Texas Republican and Financial Services Chairman Rep. Jeb Hensarling noted that markets took the hint, but with a much less subtle reaction as they shed points and hit year long lows in anticipation of Bernanke’s unspecified fall timeline for easing Fed spending.

“We’re in a difficult environment,” Bernanke said, later acknowledging that “not surprising” the markets and being open about future changes would be important to reducing spending on future monetary policy.

“I think the markets are beginning to understand our message. The volatility has obviously moderated,” Bernanke said.

Committee Republicans repeatedly expressed concerns that the Fed had lost control of its record stimulus spending — a concern exemplified by last month’s market tumble in response to Bernanke’s mere mention of slowing the pace of buying. Bernanke disagreed, saying the Fed policy was not the reason for the wavering economy.

“The reason for the low interest rates is because the economy is weak and inflation is low,” Bernanke said.

In fact, spending may even go up according to Bernanke, who said he aims to keep interest rate policy “highly accommodative” for markets, even if that means an increase in bond purchasing. Any plans to reduce spending will follow indications of strong, independent economic growth.

The Chairman went on to indict Congress as part of the problem necessitating the increased Fed spending, citing higher taxes and sequestration as causes of high unemployment and slow economic growth.

“My suggestion to Congress is to consider possibilities that involve somewhat less restraint in the near term and more action to make sure we are on a sustainable path in the long run,” Bernanke said.

Bernanke indicated during the June press conference that a falling unemployment rate — around 7 percent — would be a Fed trigger for tightening monetary policy.
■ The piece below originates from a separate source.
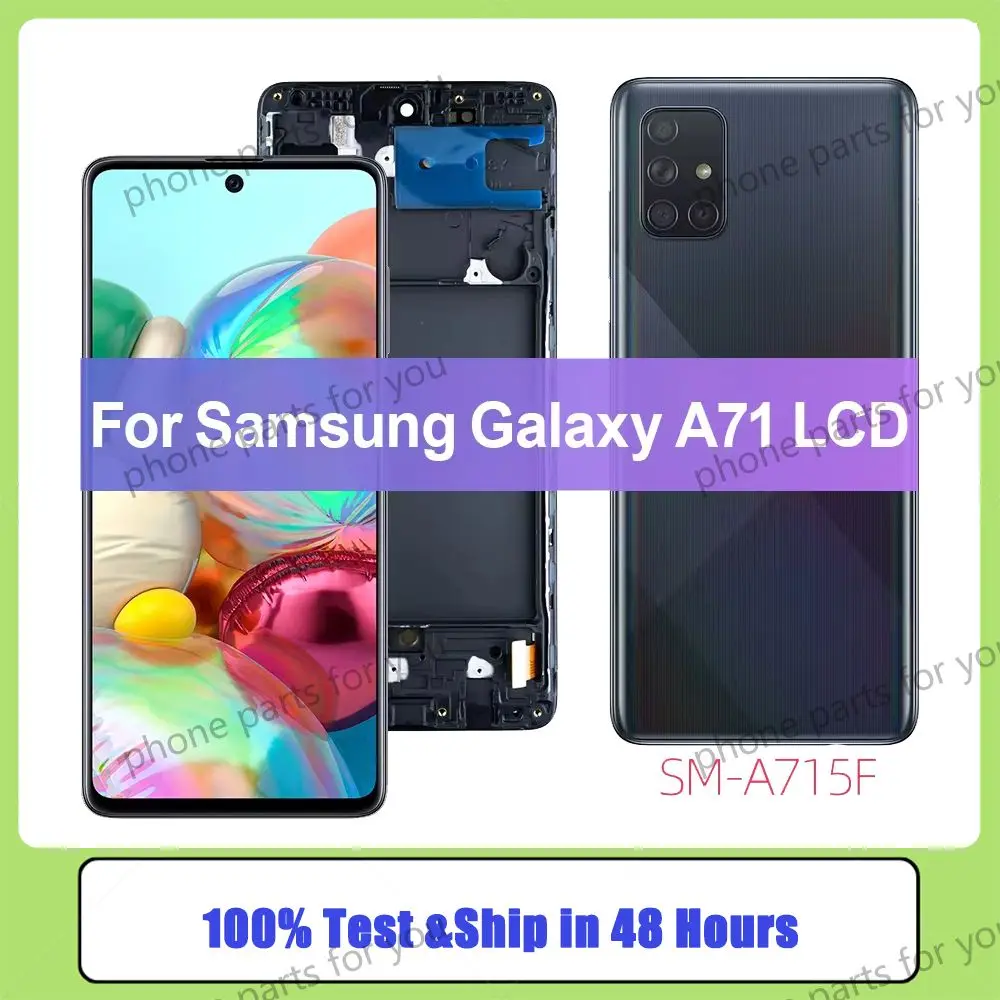 

A715 дисплей для Samsung Galaxy A71 ЖК сенсорный экран дигитайзер A715F дигитайзер в сборе запасные части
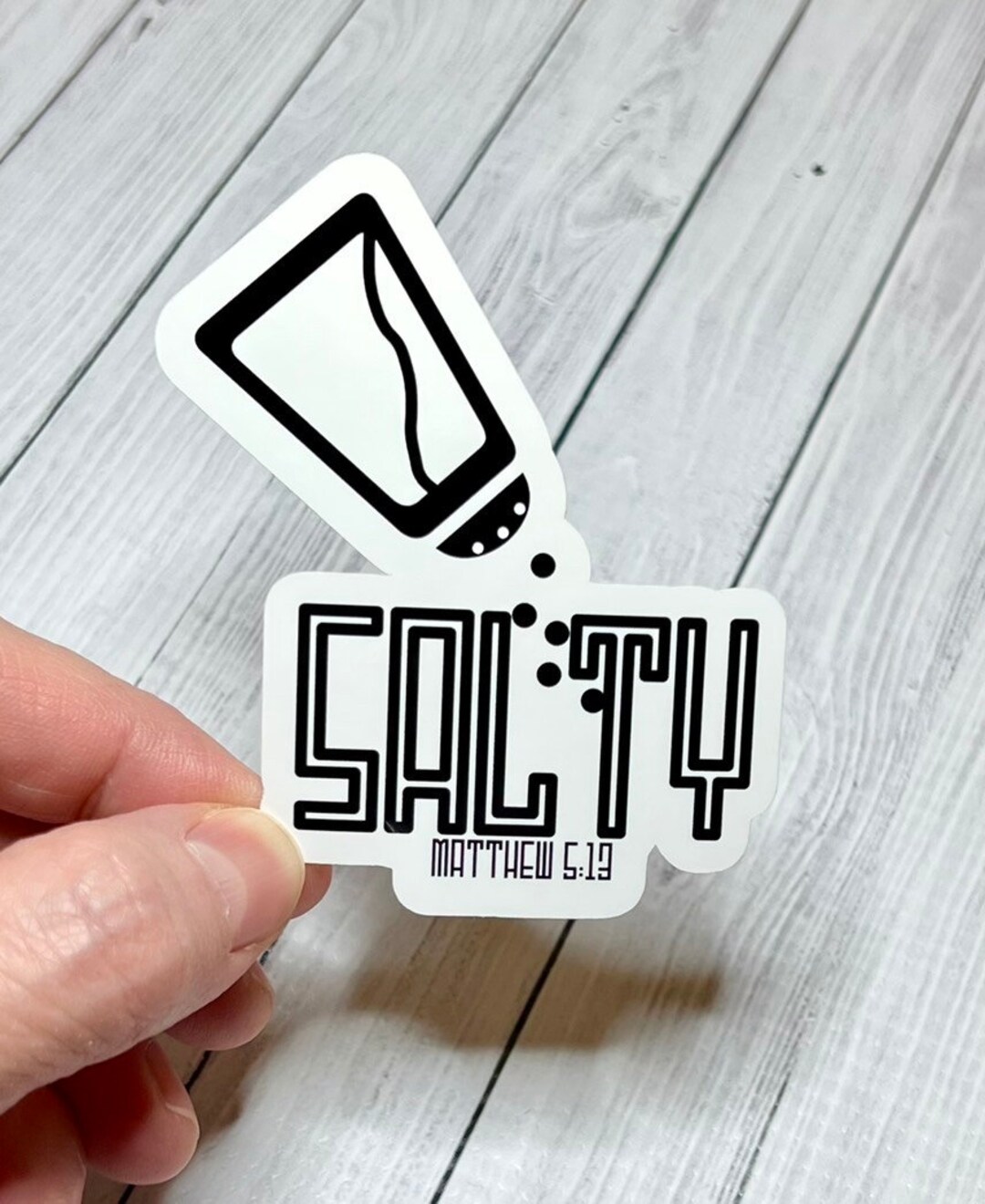Salty Sticker - Matthew 5:13 - Water Resistant Christian Bible Verse ...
Market reactions were positive following the Chairman’s decidedly differing testimony this time around. The Dow Jones Industrial average held steady, with the Standard & Poor and Nasdaq composite indexes rising 0.2 percent in afternoon trading.

The ten-year Treasury yield fell from 2.63 percent to 2.49 percent — indicating that investors were reassured that there will be no immediate change or planned timeline for reduced bond buying by the Fed.

Wednesday’s hearing was expected to be Bernanke’s last before the House committee as Chairman of the Federal Reserve, with expectations he will step down in January. As a result, numerous representatives forwarded their questions with praiseful remarks for the Chairman and his years of service.

“You’ve had a lot of compliments today — in my business, it’s called a eulogy,” Missouri Democrat and United Methodist Pastor Rep. Emanuel Cleaver told Bernanke. “I’m not trying to frighten you. Even the Twinkie came back.”